▸ **Work instructions**
Repeat the data that follows exactly, starting at the line with "So just a quick" and ending at the line with "When the connections", and leave out every picture.

▸ **Dataset extract**
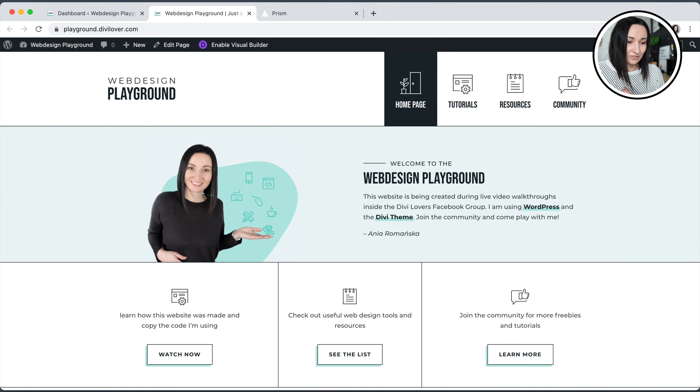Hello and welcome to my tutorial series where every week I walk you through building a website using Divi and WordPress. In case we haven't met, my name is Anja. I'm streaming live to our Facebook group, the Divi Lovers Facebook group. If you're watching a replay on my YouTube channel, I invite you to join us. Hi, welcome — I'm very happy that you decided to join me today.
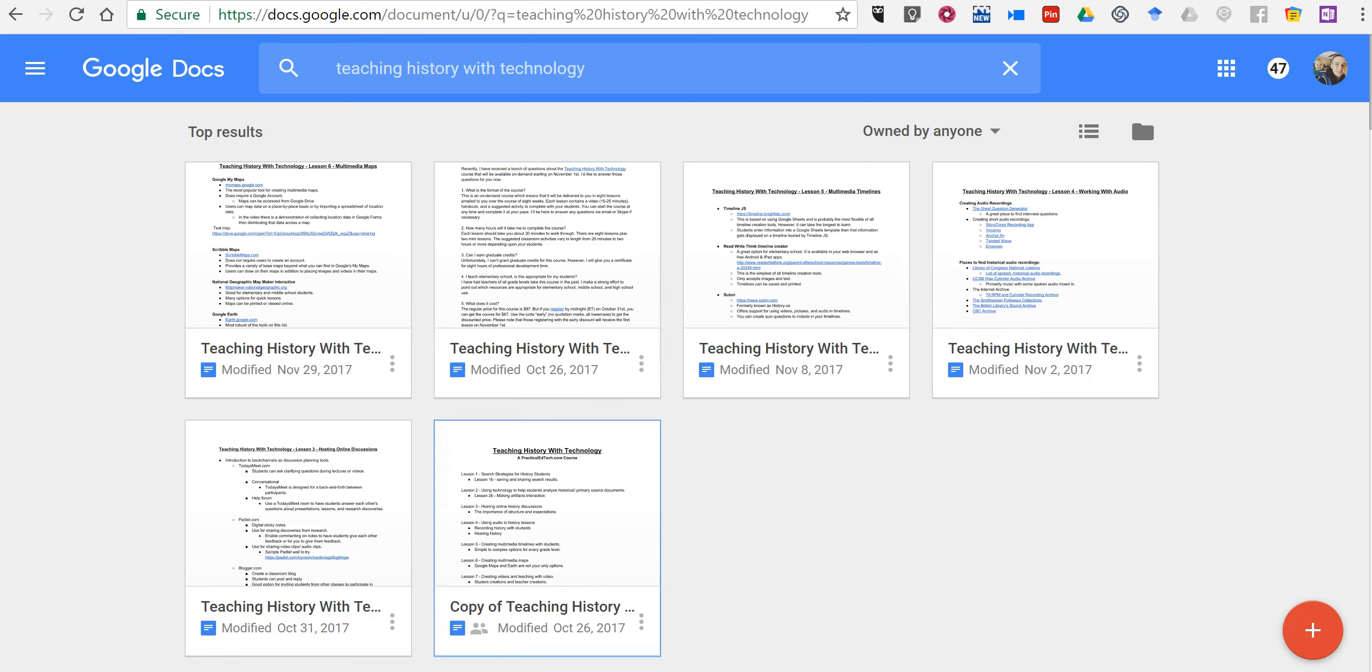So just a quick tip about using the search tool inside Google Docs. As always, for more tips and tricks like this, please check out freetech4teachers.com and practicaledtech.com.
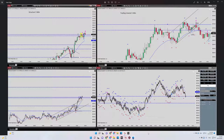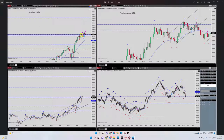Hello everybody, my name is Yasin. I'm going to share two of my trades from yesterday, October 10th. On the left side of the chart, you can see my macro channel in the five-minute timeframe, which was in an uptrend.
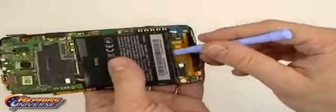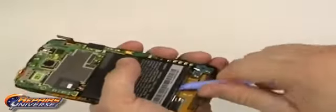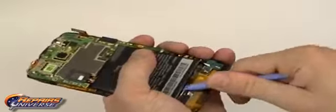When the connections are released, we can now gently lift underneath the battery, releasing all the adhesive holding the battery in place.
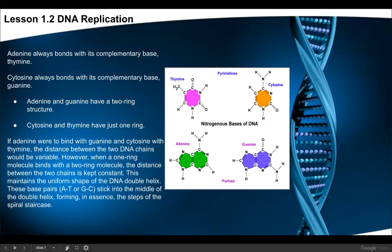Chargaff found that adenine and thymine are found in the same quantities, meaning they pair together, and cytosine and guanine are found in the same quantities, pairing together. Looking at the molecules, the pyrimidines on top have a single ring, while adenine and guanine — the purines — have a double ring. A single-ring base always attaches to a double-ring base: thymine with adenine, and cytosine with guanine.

* * *

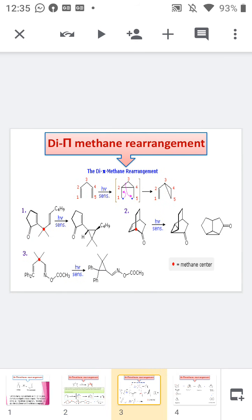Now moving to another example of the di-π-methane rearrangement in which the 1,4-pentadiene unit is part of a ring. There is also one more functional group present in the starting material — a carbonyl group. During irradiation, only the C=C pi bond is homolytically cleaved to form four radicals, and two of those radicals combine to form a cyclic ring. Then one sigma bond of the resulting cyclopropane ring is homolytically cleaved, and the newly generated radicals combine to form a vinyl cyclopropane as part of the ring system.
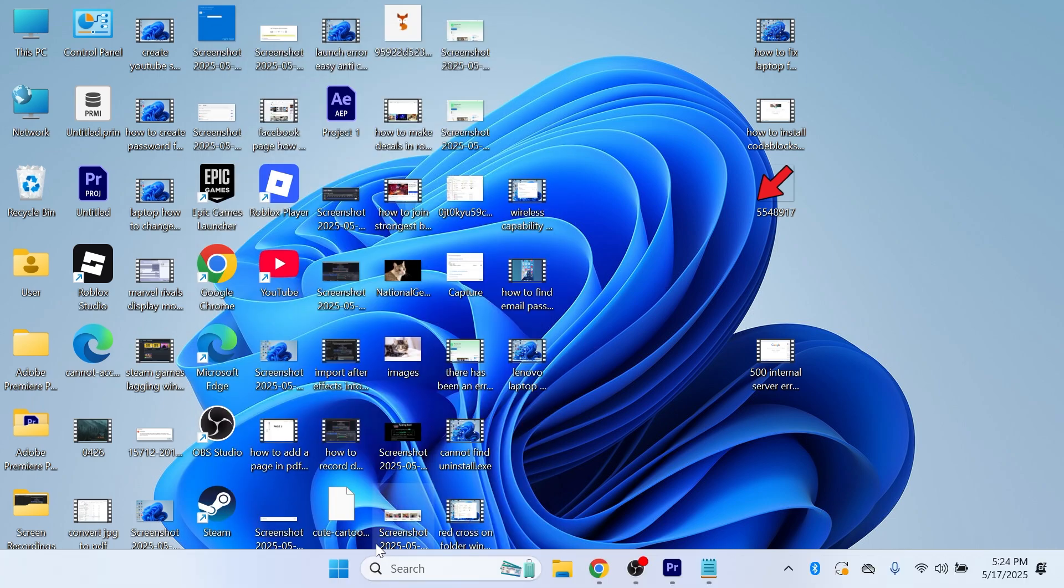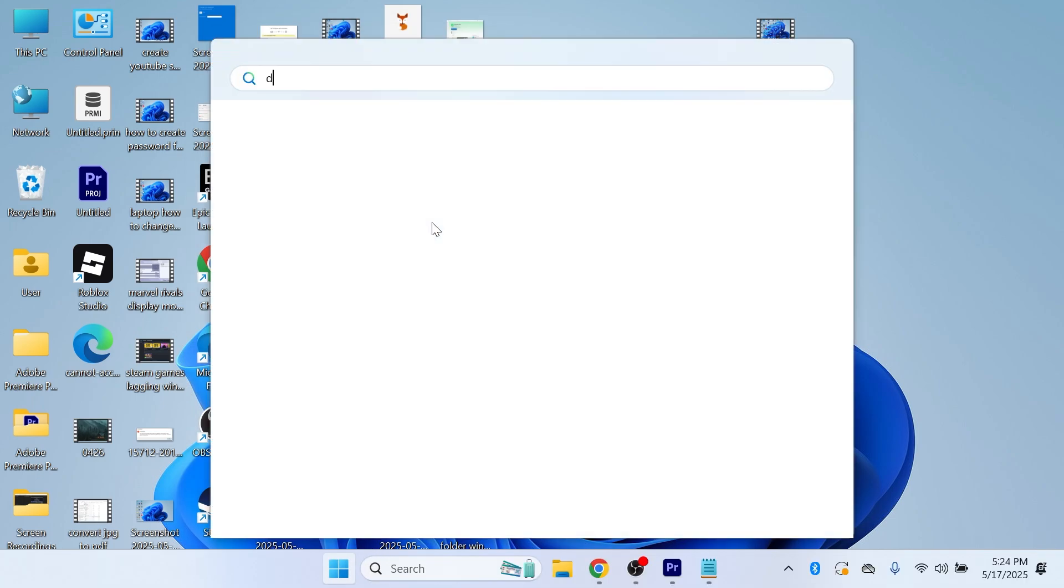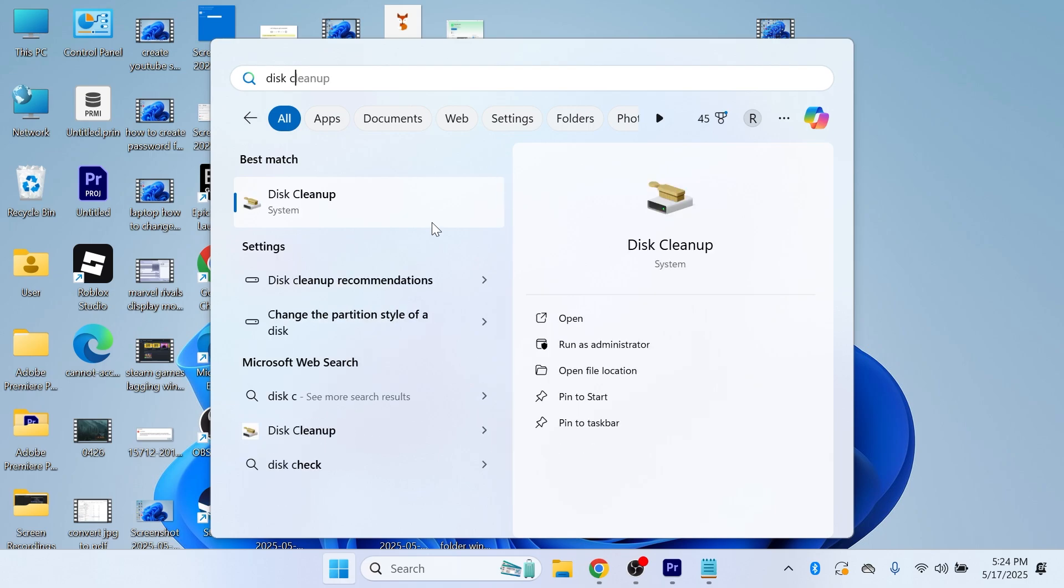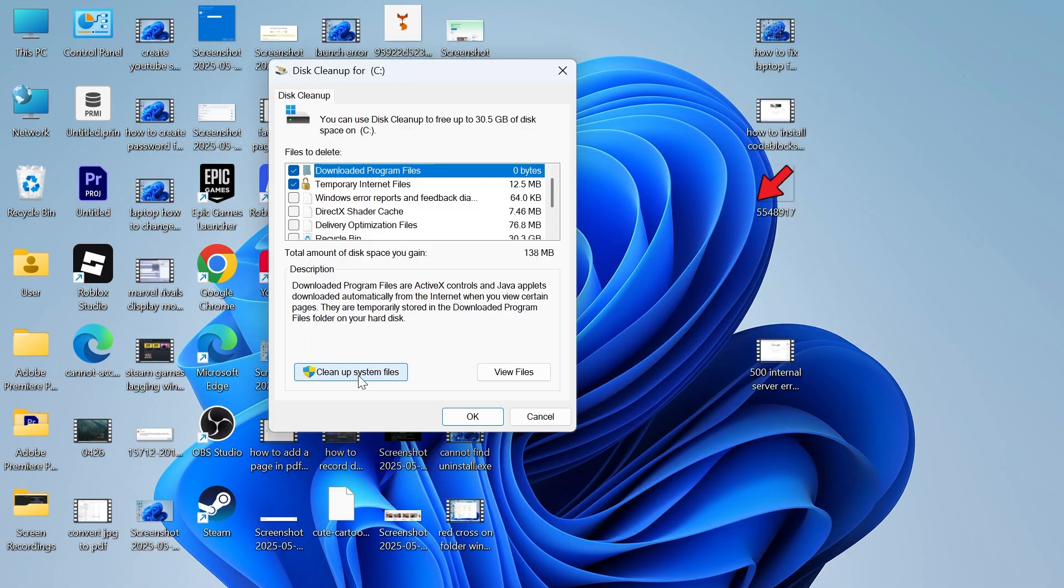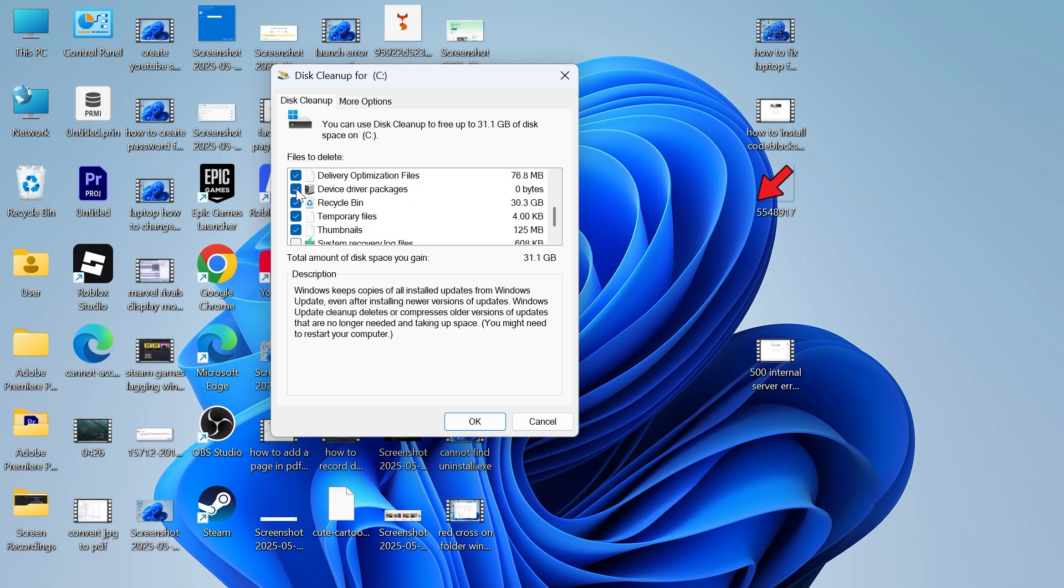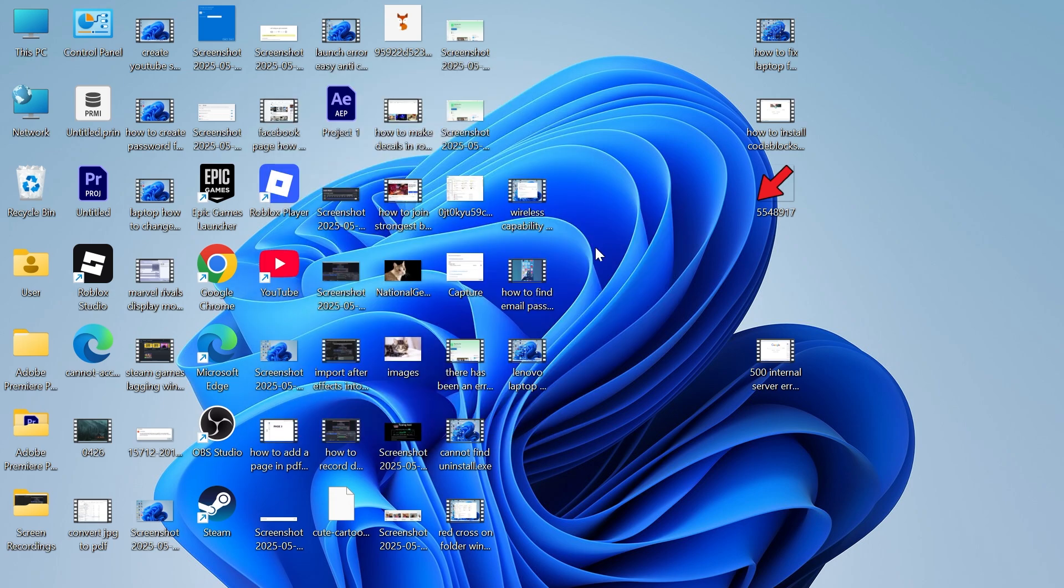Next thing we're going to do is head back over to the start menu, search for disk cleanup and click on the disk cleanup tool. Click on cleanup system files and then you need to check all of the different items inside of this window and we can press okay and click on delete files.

▸ **Answer for this exercise**
So just a quick tip about using the search tool inside Google Docs. As always, for more tips and tricks like this, please check out freetech4teachers.com and practicaledtech.com.
Hello everybody, my name is Yasin. I'm going to share two of my trades from yesterday, October 10th. On the left side of the chart, you can see my macro channel in the five-minute timeframe, which was in an uptrend.
When the connections are released, we can now gently lift underneath the battery, releasing all the adhesive holding the battery in place.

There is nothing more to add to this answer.